There's a rather poignant interview with the main Palestinian negotiator, Saeb
Erekat. It's a lot more telling than Edward Said's writing that was posted to
nettime today.

Last night I attended a fundraising here in Silicon Valley.  A wealthy Iranian
who made his money in semi-conductors started a non-profit called Schools
Online. They have been working in 17 countries, and their assistance and
training is quite good as any connectivity program that I've seen.

About 175 people were invited to the Palo Alto Country Club.  the parking lot
was filled with late model Mercedes, BMW's, Ferraris. After some snacks the
crowd took their seats and heard some introductions from the founder and a board
member.  Pre-IPO companies were encouraged to donate stock options for a big
expansion of the program.

Then the the directors of the Palestine and Israel school programs took the
stage. Both were stocky men in their 50's, and they had their arms around each
other like old pals leaving a bar. the affection between the Arab and the Jew
did not seemed feigned.  The Arab was from Ramalah where the crowd killed the
Israelis and the IDF retaliated with American gunships against the police HQ.

Both the men described the simple exchanges of email that began between students
in schools in Palestine and Israel.
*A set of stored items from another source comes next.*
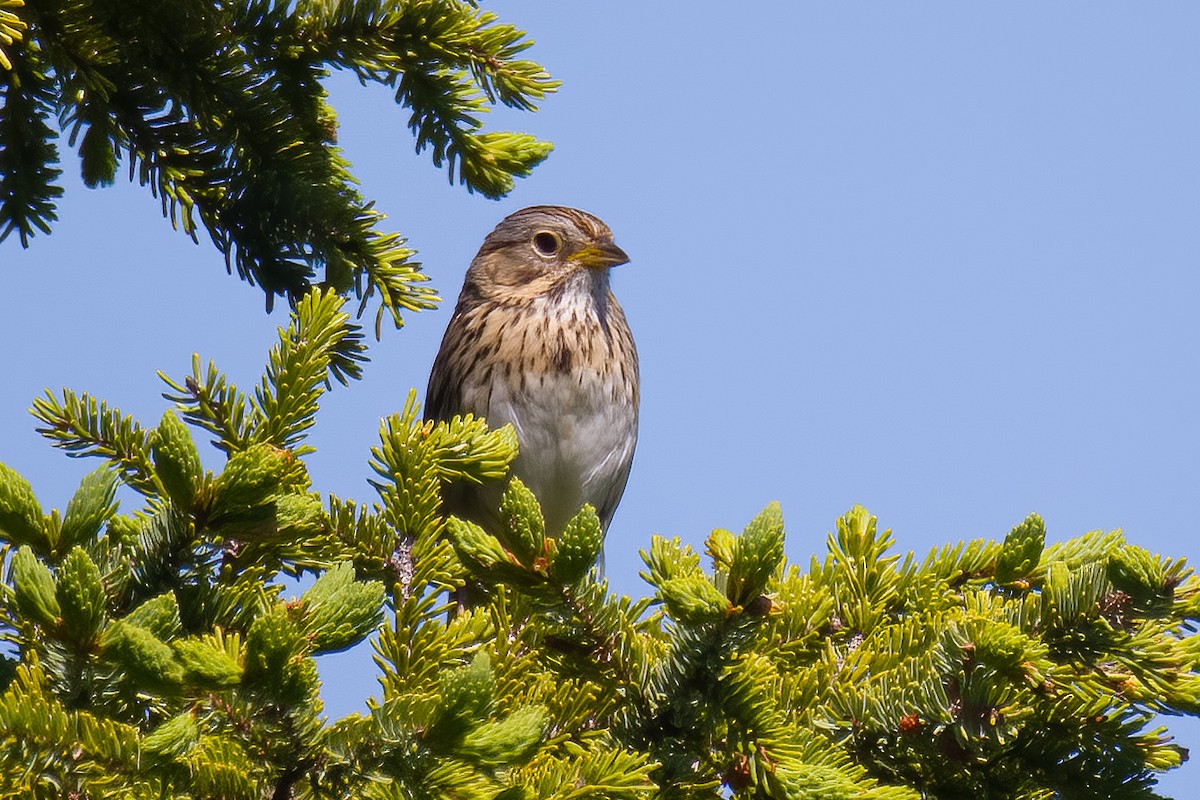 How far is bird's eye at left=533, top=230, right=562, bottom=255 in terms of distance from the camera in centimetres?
564

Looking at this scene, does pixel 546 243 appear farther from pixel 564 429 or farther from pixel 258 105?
pixel 258 105

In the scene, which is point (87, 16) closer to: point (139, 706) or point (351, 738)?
point (139, 706)

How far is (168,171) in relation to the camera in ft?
10.3

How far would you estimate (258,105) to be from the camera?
304cm

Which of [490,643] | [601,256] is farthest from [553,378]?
[490,643]

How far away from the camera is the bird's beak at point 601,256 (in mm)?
5430

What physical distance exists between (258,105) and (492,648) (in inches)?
61.5

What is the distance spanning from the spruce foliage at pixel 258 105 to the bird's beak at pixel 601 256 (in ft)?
6.96

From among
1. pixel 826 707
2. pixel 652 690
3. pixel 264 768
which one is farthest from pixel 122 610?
pixel 826 707

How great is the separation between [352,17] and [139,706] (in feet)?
5.85

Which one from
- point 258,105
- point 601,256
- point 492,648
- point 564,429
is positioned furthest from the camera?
point 601,256

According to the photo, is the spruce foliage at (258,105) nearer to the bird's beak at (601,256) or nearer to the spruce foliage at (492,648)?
the spruce foliage at (492,648)

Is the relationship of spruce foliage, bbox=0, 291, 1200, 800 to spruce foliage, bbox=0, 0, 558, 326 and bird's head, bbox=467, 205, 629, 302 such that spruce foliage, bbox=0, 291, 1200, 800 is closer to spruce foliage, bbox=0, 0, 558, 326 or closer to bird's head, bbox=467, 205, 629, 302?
spruce foliage, bbox=0, 0, 558, 326

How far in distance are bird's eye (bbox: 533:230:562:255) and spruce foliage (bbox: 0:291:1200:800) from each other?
10.7 feet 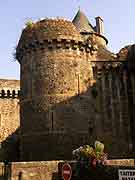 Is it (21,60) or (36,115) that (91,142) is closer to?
(36,115)

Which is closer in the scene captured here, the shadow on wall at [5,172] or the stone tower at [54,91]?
the shadow on wall at [5,172]

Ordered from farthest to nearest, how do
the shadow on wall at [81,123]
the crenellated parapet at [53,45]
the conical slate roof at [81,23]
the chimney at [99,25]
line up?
1. the chimney at [99,25]
2. the conical slate roof at [81,23]
3. the crenellated parapet at [53,45]
4. the shadow on wall at [81,123]

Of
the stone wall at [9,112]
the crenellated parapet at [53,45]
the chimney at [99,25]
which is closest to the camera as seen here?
the crenellated parapet at [53,45]

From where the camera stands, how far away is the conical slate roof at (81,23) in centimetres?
2845

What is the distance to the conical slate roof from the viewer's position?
28453 mm

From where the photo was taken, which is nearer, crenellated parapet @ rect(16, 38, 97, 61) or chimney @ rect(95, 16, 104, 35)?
crenellated parapet @ rect(16, 38, 97, 61)

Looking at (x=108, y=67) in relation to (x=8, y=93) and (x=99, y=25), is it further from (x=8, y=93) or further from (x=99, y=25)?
(x=8, y=93)

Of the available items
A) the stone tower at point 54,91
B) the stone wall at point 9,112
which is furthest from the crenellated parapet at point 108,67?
the stone wall at point 9,112

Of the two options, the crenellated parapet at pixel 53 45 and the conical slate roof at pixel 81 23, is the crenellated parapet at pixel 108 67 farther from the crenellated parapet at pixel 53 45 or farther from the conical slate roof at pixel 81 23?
the conical slate roof at pixel 81 23

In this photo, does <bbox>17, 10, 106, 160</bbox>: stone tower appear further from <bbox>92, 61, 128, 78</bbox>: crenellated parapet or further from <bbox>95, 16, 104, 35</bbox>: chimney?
<bbox>95, 16, 104, 35</bbox>: chimney

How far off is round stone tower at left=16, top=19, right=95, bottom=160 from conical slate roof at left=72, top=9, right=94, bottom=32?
27.9ft

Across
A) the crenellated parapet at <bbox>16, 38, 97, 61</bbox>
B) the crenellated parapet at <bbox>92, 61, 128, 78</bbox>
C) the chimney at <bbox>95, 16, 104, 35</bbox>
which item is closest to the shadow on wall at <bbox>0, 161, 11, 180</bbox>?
the crenellated parapet at <bbox>16, 38, 97, 61</bbox>

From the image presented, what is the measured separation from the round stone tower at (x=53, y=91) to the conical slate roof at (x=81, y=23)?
849cm

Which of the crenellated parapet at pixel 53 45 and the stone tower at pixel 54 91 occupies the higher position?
the crenellated parapet at pixel 53 45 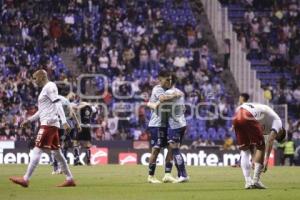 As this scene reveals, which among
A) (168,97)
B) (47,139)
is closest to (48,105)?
(47,139)

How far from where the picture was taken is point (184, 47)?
48.6m

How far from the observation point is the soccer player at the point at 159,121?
21.5 meters

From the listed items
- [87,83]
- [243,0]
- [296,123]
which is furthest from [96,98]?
[243,0]

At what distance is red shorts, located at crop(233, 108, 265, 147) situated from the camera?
1938cm

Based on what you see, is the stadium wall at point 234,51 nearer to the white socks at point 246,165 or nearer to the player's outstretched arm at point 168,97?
the player's outstretched arm at point 168,97

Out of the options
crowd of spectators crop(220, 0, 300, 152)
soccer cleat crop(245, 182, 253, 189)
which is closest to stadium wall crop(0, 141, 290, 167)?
crowd of spectators crop(220, 0, 300, 152)

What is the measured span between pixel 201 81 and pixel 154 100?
24.7 meters

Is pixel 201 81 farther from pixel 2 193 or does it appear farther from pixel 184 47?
pixel 2 193

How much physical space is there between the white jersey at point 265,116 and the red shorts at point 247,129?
3.6 inches

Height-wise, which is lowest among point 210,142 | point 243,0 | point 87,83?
point 210,142

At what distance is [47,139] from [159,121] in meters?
3.40

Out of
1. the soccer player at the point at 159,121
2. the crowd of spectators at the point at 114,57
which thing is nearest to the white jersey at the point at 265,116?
the soccer player at the point at 159,121

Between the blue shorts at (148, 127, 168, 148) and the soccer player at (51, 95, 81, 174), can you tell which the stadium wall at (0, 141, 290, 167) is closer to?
the soccer player at (51, 95, 81, 174)

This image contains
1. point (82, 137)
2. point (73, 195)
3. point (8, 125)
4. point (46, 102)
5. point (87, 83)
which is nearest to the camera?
point (73, 195) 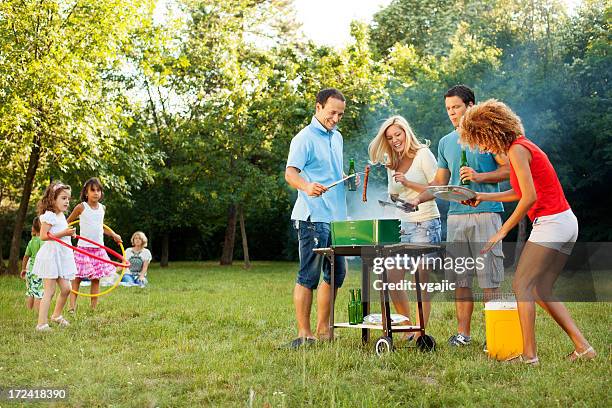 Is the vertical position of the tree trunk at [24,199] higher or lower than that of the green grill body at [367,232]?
higher

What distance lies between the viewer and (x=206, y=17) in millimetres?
26344

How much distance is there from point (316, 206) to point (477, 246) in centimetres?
126

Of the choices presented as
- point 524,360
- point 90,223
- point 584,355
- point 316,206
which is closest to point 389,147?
point 316,206

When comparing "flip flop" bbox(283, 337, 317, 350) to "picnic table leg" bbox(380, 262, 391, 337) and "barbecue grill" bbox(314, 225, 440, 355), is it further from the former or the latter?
"picnic table leg" bbox(380, 262, 391, 337)

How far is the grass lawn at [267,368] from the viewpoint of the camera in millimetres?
4297

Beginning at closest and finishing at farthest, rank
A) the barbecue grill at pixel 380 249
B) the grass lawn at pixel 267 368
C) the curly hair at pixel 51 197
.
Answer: the grass lawn at pixel 267 368 → the barbecue grill at pixel 380 249 → the curly hair at pixel 51 197

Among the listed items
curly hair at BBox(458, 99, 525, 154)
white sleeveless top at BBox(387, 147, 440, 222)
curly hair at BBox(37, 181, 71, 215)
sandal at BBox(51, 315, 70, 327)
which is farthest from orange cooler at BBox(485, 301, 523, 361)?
curly hair at BBox(37, 181, 71, 215)

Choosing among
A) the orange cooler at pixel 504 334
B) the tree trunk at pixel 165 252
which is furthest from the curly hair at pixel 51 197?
the tree trunk at pixel 165 252

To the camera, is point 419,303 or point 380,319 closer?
point 419,303

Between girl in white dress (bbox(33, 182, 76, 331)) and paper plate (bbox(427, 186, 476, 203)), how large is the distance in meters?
4.01

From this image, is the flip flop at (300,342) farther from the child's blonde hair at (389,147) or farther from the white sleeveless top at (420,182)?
the child's blonde hair at (389,147)

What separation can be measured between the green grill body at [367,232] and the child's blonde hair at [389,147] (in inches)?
23.4

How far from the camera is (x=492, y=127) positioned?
5074 millimetres

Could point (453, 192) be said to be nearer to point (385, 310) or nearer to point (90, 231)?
point (385, 310) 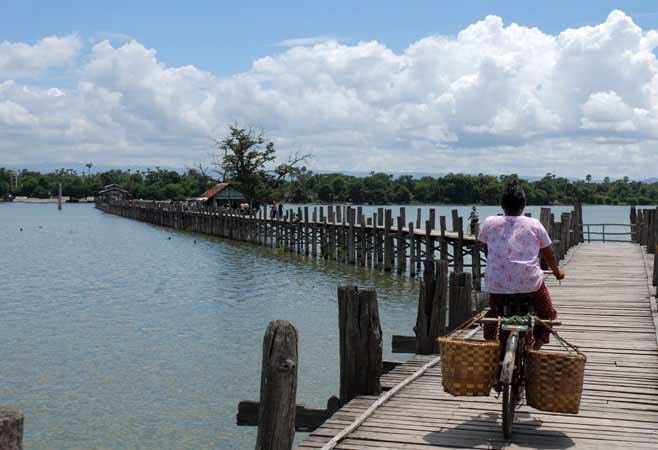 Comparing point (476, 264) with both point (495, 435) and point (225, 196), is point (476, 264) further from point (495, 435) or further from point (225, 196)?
point (225, 196)

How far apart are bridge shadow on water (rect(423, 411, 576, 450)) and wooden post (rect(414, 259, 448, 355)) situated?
2948 mm

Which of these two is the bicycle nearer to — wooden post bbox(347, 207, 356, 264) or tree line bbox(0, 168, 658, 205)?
wooden post bbox(347, 207, 356, 264)

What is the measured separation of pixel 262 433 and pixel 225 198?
7096 cm

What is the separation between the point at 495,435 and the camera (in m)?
6.05

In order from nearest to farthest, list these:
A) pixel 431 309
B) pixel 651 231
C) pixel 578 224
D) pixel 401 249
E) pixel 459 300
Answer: pixel 431 309 < pixel 459 300 < pixel 651 231 < pixel 578 224 < pixel 401 249

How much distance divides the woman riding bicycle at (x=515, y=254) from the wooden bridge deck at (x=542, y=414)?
2.44ft

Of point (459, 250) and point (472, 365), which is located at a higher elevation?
point (472, 365)

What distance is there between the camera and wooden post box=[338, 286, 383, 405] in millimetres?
7676

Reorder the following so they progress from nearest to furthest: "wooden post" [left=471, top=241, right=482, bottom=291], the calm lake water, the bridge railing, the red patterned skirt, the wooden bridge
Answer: the red patterned skirt < the calm lake water < "wooden post" [left=471, top=241, right=482, bottom=291] < the wooden bridge < the bridge railing

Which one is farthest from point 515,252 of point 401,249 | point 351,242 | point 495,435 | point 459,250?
point 351,242

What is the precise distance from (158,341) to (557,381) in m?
13.6

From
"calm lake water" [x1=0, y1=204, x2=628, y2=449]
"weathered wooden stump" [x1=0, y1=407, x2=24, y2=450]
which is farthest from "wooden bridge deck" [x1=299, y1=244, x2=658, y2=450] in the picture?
"calm lake water" [x1=0, y1=204, x2=628, y2=449]

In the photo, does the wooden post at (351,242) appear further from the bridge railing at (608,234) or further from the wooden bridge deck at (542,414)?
the wooden bridge deck at (542,414)

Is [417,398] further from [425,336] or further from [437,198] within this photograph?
[437,198] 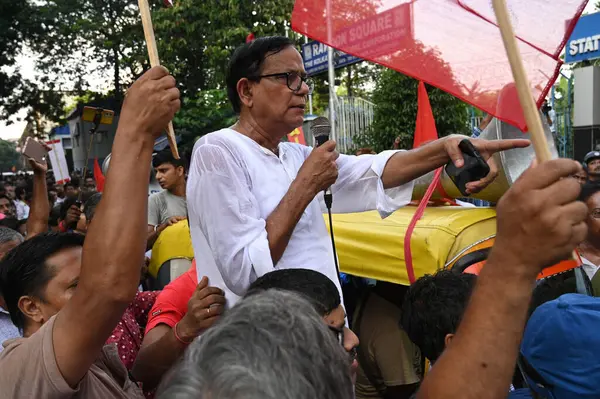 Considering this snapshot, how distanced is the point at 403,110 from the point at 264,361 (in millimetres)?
9700

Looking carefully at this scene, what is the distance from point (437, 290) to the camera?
79.9 inches

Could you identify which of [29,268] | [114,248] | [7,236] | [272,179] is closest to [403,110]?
[7,236]

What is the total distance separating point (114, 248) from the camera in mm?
1188

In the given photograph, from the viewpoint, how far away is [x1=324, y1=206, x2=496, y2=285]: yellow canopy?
2.62 m

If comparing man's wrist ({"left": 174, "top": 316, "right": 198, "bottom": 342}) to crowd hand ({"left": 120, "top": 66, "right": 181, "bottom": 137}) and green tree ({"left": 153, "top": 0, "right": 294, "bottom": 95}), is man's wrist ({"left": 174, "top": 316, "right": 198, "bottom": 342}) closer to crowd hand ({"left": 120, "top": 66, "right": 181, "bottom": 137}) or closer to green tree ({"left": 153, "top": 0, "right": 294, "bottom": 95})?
crowd hand ({"left": 120, "top": 66, "right": 181, "bottom": 137})

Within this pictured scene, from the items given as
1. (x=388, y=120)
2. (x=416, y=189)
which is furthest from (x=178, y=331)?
(x=388, y=120)

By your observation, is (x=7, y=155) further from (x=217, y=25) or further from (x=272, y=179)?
(x=272, y=179)

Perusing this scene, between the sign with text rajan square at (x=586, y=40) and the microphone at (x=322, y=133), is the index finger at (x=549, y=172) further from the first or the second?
the sign with text rajan square at (x=586, y=40)

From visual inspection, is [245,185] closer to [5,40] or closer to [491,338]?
[491,338]

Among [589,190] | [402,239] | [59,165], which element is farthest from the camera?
[59,165]

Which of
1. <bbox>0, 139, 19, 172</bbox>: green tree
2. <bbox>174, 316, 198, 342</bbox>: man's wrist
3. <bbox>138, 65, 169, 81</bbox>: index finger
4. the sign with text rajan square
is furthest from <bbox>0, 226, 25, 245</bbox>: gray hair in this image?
<bbox>0, 139, 19, 172</bbox>: green tree

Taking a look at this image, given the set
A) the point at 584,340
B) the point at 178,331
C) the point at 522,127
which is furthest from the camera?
the point at 178,331

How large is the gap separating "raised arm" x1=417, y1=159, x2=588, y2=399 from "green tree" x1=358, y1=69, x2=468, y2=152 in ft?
28.9

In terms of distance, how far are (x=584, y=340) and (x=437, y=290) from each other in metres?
0.61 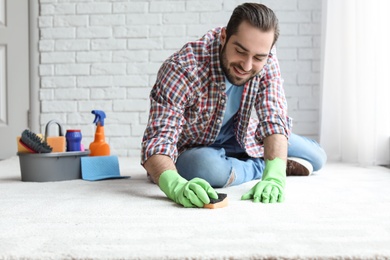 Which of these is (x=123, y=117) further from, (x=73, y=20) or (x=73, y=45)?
(x=73, y=20)

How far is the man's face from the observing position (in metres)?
1.51

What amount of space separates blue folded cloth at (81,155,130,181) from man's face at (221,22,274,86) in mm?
717

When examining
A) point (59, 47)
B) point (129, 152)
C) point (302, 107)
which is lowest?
point (129, 152)

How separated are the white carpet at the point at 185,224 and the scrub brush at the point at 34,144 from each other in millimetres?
151

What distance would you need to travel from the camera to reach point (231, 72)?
163 centimetres

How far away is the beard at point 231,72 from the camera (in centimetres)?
160

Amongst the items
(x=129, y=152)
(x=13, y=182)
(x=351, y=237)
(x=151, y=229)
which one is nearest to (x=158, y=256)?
(x=151, y=229)

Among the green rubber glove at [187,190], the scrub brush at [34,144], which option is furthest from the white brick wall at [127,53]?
the green rubber glove at [187,190]

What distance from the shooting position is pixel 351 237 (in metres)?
1.08

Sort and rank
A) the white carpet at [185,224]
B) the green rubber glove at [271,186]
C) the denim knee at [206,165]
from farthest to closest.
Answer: the denim knee at [206,165]
the green rubber glove at [271,186]
the white carpet at [185,224]

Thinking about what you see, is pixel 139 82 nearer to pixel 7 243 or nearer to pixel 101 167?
pixel 101 167

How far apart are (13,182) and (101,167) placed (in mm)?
323

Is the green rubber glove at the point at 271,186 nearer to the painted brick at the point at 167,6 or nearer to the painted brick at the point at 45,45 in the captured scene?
the painted brick at the point at 167,6

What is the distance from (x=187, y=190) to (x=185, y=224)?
198 mm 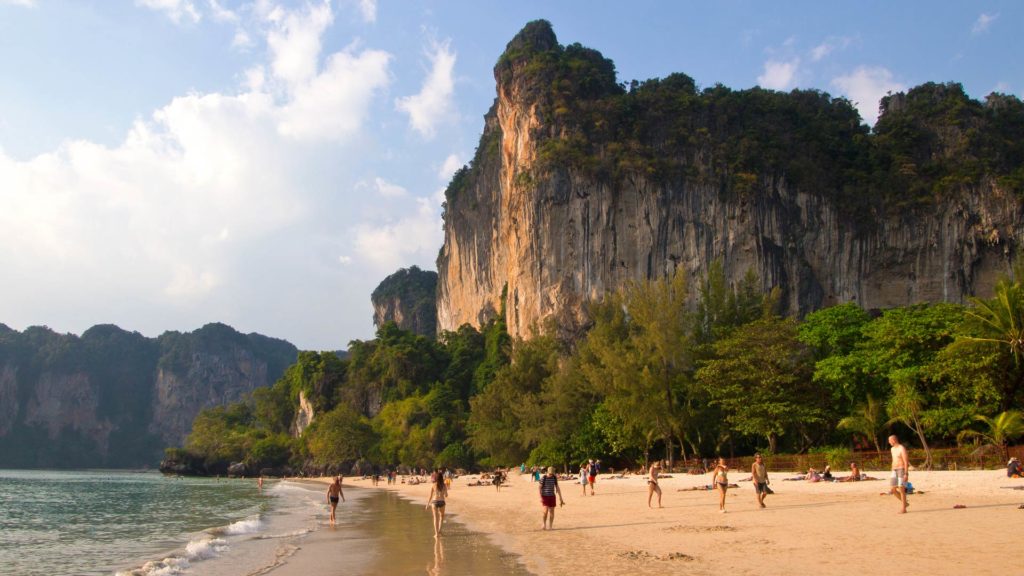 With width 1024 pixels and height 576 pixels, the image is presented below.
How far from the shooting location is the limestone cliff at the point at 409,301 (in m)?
132

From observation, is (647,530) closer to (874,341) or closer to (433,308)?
(874,341)

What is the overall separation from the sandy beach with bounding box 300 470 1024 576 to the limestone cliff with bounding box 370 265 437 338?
110 meters

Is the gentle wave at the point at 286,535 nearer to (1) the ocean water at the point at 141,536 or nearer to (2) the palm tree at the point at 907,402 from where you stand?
(1) the ocean water at the point at 141,536

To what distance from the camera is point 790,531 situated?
12453mm

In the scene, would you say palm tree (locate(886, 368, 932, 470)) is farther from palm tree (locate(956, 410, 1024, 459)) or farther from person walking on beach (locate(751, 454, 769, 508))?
person walking on beach (locate(751, 454, 769, 508))

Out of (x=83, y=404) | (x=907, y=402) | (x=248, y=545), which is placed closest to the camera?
(x=248, y=545)

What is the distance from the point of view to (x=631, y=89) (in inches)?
3019

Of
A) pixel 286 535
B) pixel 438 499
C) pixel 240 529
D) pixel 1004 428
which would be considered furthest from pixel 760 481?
pixel 240 529

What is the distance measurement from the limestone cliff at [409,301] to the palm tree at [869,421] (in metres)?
101

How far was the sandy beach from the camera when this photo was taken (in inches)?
366

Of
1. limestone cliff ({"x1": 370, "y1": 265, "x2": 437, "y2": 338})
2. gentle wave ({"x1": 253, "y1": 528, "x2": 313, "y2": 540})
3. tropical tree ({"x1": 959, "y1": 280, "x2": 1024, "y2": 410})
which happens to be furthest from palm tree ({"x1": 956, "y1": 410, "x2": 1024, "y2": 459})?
limestone cliff ({"x1": 370, "y1": 265, "x2": 437, "y2": 338})

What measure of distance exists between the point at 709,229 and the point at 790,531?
55576mm

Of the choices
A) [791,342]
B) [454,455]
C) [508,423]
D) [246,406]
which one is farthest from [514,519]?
[246,406]

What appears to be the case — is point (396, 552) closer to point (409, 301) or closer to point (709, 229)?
point (709, 229) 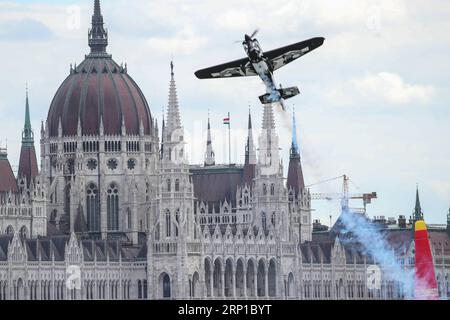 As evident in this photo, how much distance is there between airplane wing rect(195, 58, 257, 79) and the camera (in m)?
102

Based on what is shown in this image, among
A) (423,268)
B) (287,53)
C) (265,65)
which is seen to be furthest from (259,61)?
(423,268)

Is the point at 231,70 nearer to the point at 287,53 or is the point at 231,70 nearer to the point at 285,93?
the point at 287,53

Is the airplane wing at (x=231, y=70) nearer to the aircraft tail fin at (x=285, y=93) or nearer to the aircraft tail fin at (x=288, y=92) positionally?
the aircraft tail fin at (x=285, y=93)

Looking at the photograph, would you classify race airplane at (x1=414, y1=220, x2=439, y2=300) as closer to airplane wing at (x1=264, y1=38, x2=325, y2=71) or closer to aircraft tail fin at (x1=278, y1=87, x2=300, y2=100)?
aircraft tail fin at (x1=278, y1=87, x2=300, y2=100)

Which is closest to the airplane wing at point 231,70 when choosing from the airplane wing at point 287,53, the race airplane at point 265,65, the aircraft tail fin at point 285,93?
the race airplane at point 265,65

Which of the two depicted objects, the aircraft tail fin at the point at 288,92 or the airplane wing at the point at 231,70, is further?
the aircraft tail fin at the point at 288,92

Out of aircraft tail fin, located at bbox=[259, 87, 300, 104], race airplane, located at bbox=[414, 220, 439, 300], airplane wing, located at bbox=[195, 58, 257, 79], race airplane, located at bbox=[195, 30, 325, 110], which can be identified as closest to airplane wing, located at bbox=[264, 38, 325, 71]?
race airplane, located at bbox=[195, 30, 325, 110]

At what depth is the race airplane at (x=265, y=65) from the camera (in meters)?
102

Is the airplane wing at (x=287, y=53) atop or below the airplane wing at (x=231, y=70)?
atop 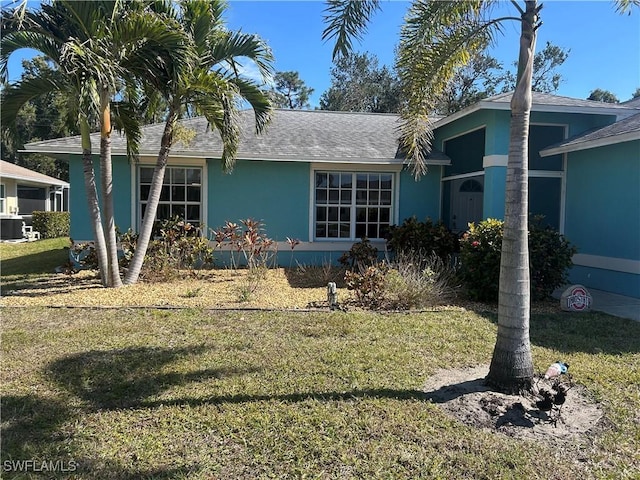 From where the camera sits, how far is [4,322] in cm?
655

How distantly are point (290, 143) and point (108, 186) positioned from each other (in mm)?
5479

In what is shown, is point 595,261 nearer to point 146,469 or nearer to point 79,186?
point 146,469

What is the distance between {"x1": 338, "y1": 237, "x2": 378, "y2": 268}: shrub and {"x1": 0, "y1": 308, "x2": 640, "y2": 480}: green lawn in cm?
439

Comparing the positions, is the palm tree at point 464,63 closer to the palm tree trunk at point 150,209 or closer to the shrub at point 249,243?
the shrub at point 249,243

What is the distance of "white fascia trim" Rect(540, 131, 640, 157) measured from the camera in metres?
8.32

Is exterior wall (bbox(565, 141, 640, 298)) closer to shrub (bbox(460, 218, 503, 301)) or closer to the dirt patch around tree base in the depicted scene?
shrub (bbox(460, 218, 503, 301))

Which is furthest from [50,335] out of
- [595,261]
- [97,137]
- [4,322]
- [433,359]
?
[595,261]

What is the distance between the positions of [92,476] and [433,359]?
12.1ft

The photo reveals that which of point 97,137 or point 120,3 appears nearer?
point 120,3

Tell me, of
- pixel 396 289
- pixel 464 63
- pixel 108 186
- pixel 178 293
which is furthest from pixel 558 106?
pixel 108 186

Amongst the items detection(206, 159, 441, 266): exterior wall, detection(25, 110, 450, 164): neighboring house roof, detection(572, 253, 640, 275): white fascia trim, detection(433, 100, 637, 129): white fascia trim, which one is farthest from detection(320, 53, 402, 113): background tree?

An Arab school in Ramalah invited a Jewish
class to visit. the Palestinian director was worried because the Arabs were
rather formal, the girls were restrained and dressed conservatively.  The Jews
arrived with body piercings and pants with legs of different lengths, but within
minutes they found email friends and were talking as if they had known each
other for years.  He said it gave him hope that the politicians and the soldiers
would not destroy these moments, but he was saddened by the damage done by the
violence of the past week or so.

I thought it was a heavy burden to expect ICT  and the Internet to keep young
people from joining the others in what seems like war to me, but their
conviction and simple stories were quite moving.